5. That any civilised community needs some communal revenue to provide those goods and services considered necessary for communal wellbeing which cannot adequately be provided by individuals acting independently is a simple enough proposition.

6. Acceptance of this simple proposition will obviously be subject to legitimate debate about acceptable standards of communal wellbeing at any given time. However, it is also presently clouded, not only by the self-interest and cupidity which are ever-present characteristics of the human species, but by a prevailing perception that revenue raising in practice is characterised by a continually changing grab-bag of politically manipulated measures the avoidance of which is a standing challenge to taxpayers' ingenuity.

7. The situation is further compounded by contradictions in Australia which need to be honestly confronted.

8. There are, for example, divisive and patently irreconcilable factors which bear upon the amount of public revenue which needs to be raised. On the one hand there are pressures to improve the range and quality of public services and remedy perceived shortcomings in their provision, the evidence of which across the spectrum of national and community life is readily apparent and daily reported.
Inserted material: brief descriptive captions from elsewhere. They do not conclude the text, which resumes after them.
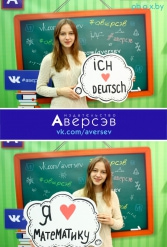Книжная выставка 2018 Издательство Аверсэв 28.02.2018-04.03.2018 - фото 566
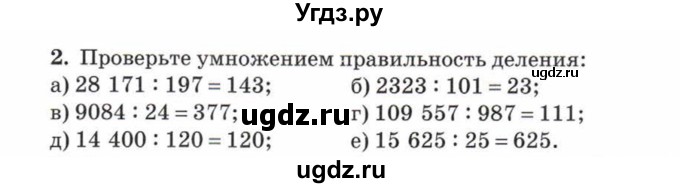 ГДЗ (Учебник) по математике 5 класс Козлов В.В. / глава 9 / параграф 1 / упражнение / 2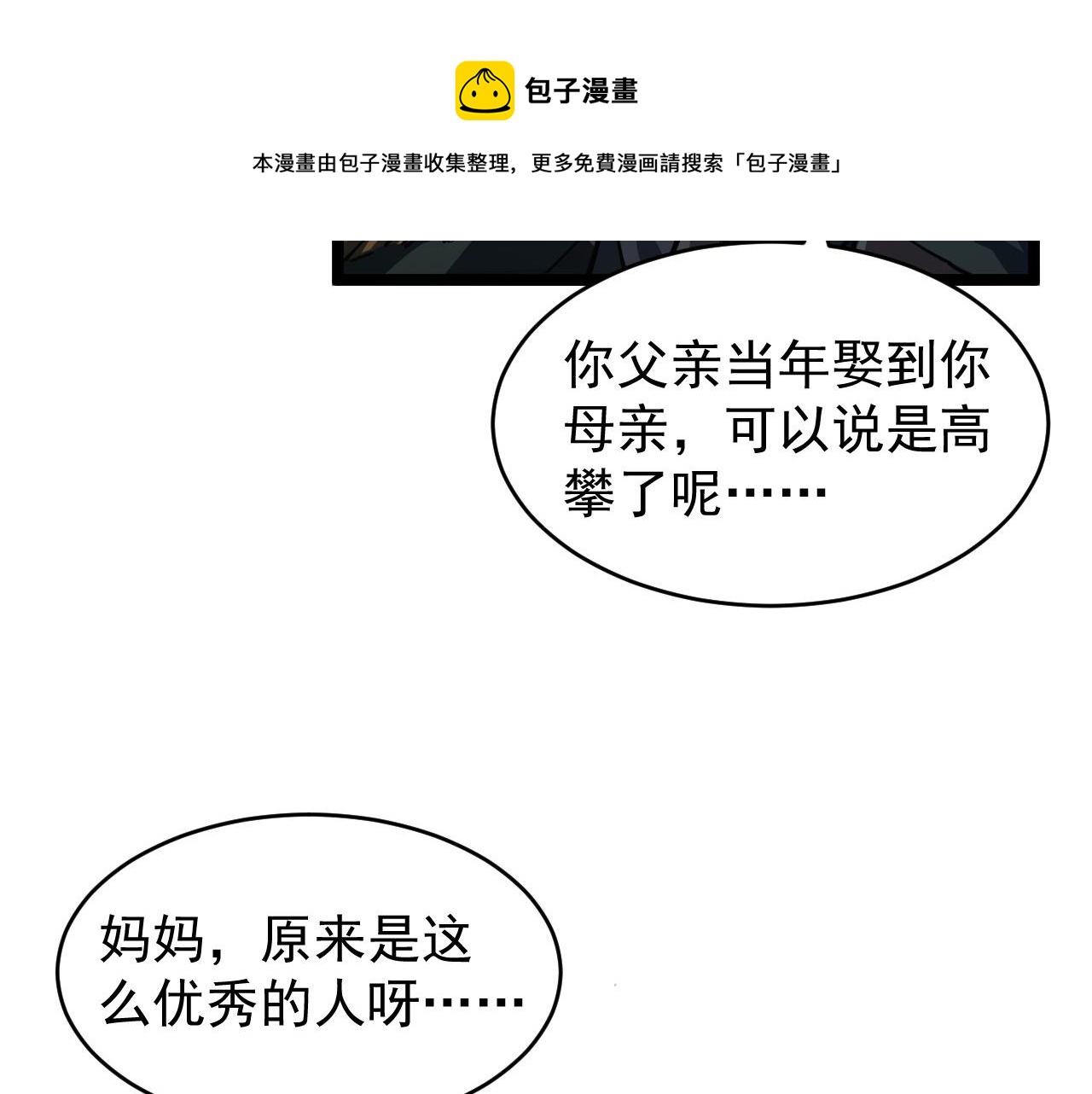 084 隐藏的秘密48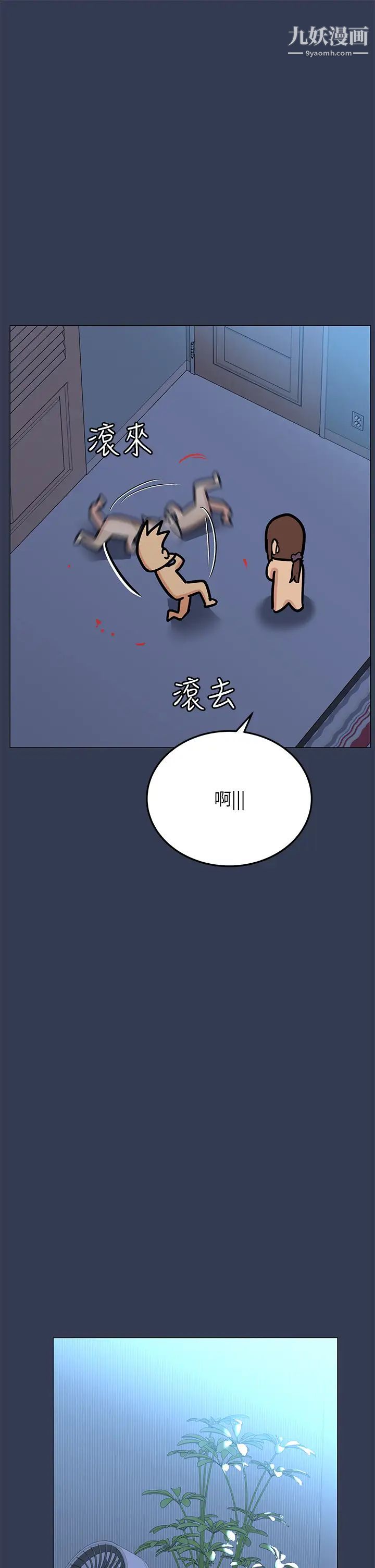 要对妈妈保密唷!第46话-等待已久的一炮!!!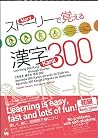 Learning 300 Kanj...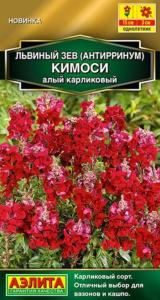 Антирринум (Львиный зев) Кимоси алый карликовый 0,05г Одн 15см (Аэлита)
9. On the other hand there are pressures, popularised by the media and short-term political aspirations, operating to minimise revenue raising in accordance with an acculturated aversion in principle to “taxes” and an arbitrarily assumed upper limit to revenue raising (conducive to endless debate about budgetary deficits — like a family lamenting its incapacity to make ends meet, but whose members perversely refuse to put any more money in the kitty).

10. An acculturated aversion to revenue raising is reflected in fashionable pressures to privatise community works and services in the expectation of reducing the need for public revenue — notwithstanding that the privatisation of natural monopolies is difficult to reconcile with fostering cohesive communities and providing them with tangible physical symbols of community identity and shared ownership (and notwithstanding that there is no evidence that a well-managed public sector is necessarily less efficient than the private sector). While privatisation in the interests of competition is arguably desirable, in the case of natural monopolies privatisation tends to be an abdication of community responsibility, a contracting out, at odds with the interdependence upon which hopes of an environmentally sustainable global society must ultimately depend.

11. Equally fundamental are the public revenue implications of a style of living which is dependent upon capital-intensive technology and increasingly skilled labour. An economic system which measures efficiency by the labour it can displace is impossible to reconcile with continuing population growth and the maintenance of full employment. The expectation that more development of the same kind will somehow solve the problem is demonstrably a delusion, and its implications for the finite planetary environment need to be recognised. Short of a fundamental change in lifestyle, public revenue will be needed to forestall the emergence of a permanently unemployed or under-employed — and increasingly alienated — underclass [2] by subsidising the sharing of skilled jobs and expanding labour-intensive community improvement works and services.

12. There are other contradictions. Popular advocacy of affordable access to land for low-income homeseekers, for example, sits strangely with property owners' expectations of profiting from increasing land prices; and a variation of the same phenomenon is the approbation by property owners of increasing land values coupled with resentment of consequential increases in their local government rate bills.

13. Pursuing further these philosophical considerations is beyond the scope of this submission. Suffice it to submit that taxation reform ought to be predicated on a clearly enunciated concept of community responsibility and on revenue raising measures which are commonly perceived to be equitable, morally and logically sustainable, and conducive to compliance, and which in themselves reinforce and contribute to social cohesion.

A GRADUAL SHIFT OF EMPHASIS

A comprehensive remedy

14. A revenue source which would avoid all the previously listed deficiencies (and which technically does not warrant appellation as a “tax”) is a charge upon the occupation or use of the community's finite natural resources, more particularly a charge upon the occupation or use of land, the basic resource upon which, or from which, all human activities are conducted.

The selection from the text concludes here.